Nerede bir deprem olsa hemen aklımıza gelir, 1999 felaketi ve o yılların korkusu sarar hepimizi.

Çanakkale’de peş peşe olan depremler o kötü günleri getirdi yine aklımıza.

Deprem olacak; afetler olacak. Bunlar engellenemez bir tabiat olayıdır.

Tartışılması, konuşulması gereken; biz buna ne kadar hazırız?

Depremin, doğal afetlerin zararlarını en az şekilde, ne kadar sürede atlatırız?

Yıllardır bu konuda hiç susmayan ve susmadığı içindir iktidar mensuplarının tefe koyduğu, baskı uyguladığı İnşaat Mühendisleri Odası Başkanı Hüsnü Gürpınar’ın uyarılarını gazetemizde dün gündeme getirdik.

Sakarya’da bir kentsel dönüşüm değil, görsel dönüşüm yapıldığını, kentin binalarının potansiyel bir tehlike olduğunu söyledi. Bunu bilmeyen var mı Sakarya’da?

Bence yok, sadece konuşmaktan korkan ve bulunduğu makamlara saygısı olmayan insanlar çok.

 

**

Bakın ne diyor Gürpınar; “Deprem yönetmeliğine uygun olmayan yapı stoku varlığı halen devam ediyor. 25 bin daire bina olarak ise 7 bin 500 bina potansiyel tehlike olarak önümüzde duruyor. Risk kapsamına giren bu binaların önceliği dönüşüm değil görsellik oldu. Kuzey Anadolu fayının üzerinde duran Sakarya kentsel değil görsel değişim oldu. Binalar makyajlanarak bu riskten uzak tutulacağı zannedildi”

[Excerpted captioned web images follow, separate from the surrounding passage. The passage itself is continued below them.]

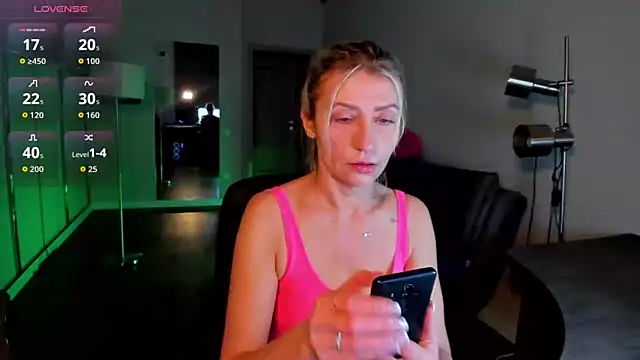 Snapshot of ZoeGrant chatting on 02/08/26, 09:51 ZoeGrant online show from 02/08/26, 09:51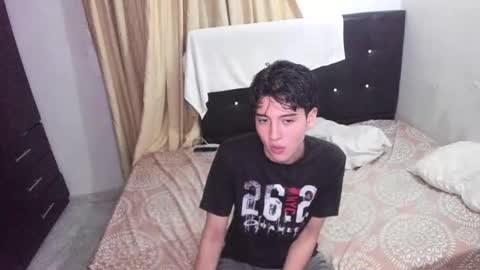 picaszomilos350 online show from February 15, 2026, 7:51 am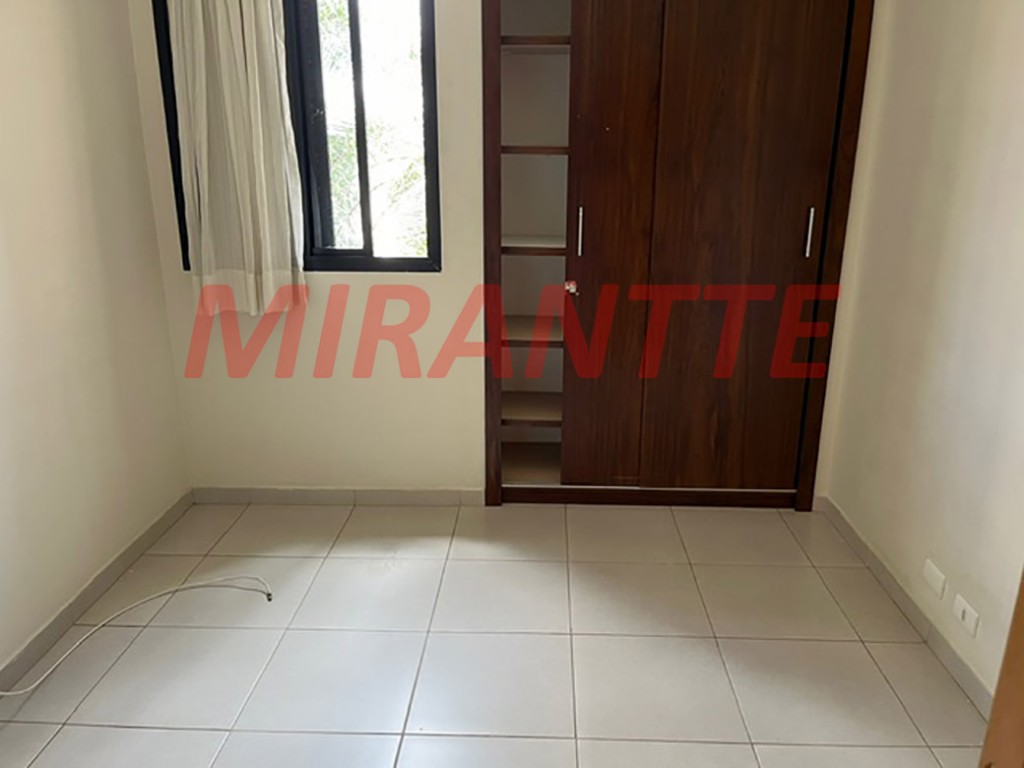 Apartamento de 80m² com 2 quartos em Água Fria
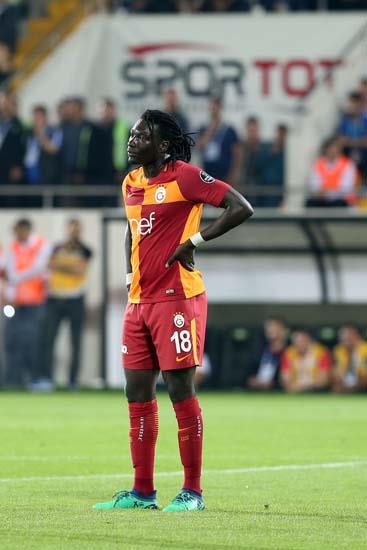 Bafetimbi Gomis, Sper Lig'in 31. haftasndaki Beikta karlamasnda da penalt vuruundan yararlanamamt.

Yani bu açıklamaya göre 25 bin hane ortalama 4 kişiden; bu da 100 bin insanımız tehdit altında demek.

Deprem sonrası şehirde öylesine bir yenilenme oldu. Deprem şartlarına uygun hiçbir çalışma yapılmadı. Ağır hasarlı binalar bile kendi yıkılmadan yıkalım denilerek ancak 10 yıl sonra yıkılabildi.

Orta hasarlı binalar halen duruyor. Hangi binanın nasıl ne kadar hasarı olduğu bilinmiyor.

Şehirde deprem görmüş 4-5 kat tüm yapılar uzmanlara göre beton tabutluk.

 

**

 

Bu binaların bir çoğunun büyük hasarlar gördüğü; güçlendirme yapılarak ayakta tutulduğu biliniyor. Cephe giydirmeleri bir çok bina süslendi, makyajlandı.

Beton tabutluklar şehirde öylecene dururken, bu durumdan kimse rahatsız olmuyor.

Olası bir felakette Allah korusun ne olacağımız belli değil.

Deprem ve doğal afetler Allah’ın emri. Ama tedbir almamak, güvensiz yapılar, şehir ve insan güvenliğini sağlamamak daha vahim bir durum..Bununla ilgili bir Afet yasası çıkarıldı.

Gürpınar bu yasaya o zamanda karşı çıktı. Yasa aceleye getirildi, tartışılmadan çıkarıldı dedi ki sonuna kadar haklıydı. Bu şehrin en büyük ve öncelikli sorunu depremdir.

Kentte makyajlanan bu beton tabutluklar hakkında ne yapılır ne olur ben bilmem.

Burada bina sahiplerinin de tavrı çok önemli. Ayrıca son yıllarda yapılan yeni binalarla sakın ola bu gerçeği görmezden gelmeyin. Bütün her yere artık bina yapılıyor. Mevcutlar duruyor.

 

**

1999 depremi sonrasında çekilen videoları tekrar tekrar izleyin.

Şehrin sokaklarını, binaları iyice seyredin. Deprem gecesi aldığı zararla paramparça olan, yan yatan o binaları bir görün.O binalar halen bu şehrin sokaklarında ayakta.

2 metre dibe vuran, yan yatan, kolonları patlayan o binalarda insanlar yaşıyor.

Bunun vebali de, bedeli de çok ama çok ağır.

Maalesef bu şehir depreme falan hazır değil.

Suyumuz kesilmeyecek. Artık bir Afet Koordinasyon Merkezimiz de var.

Deprem ya da doğal afetler sonrası koordinasyonda bu şehirde fazla sorun olacağını sanmıyorum. Bilim adamlarının uyardığı o 25 bin binanın 10’da 1 ayakta kalırsa tabi.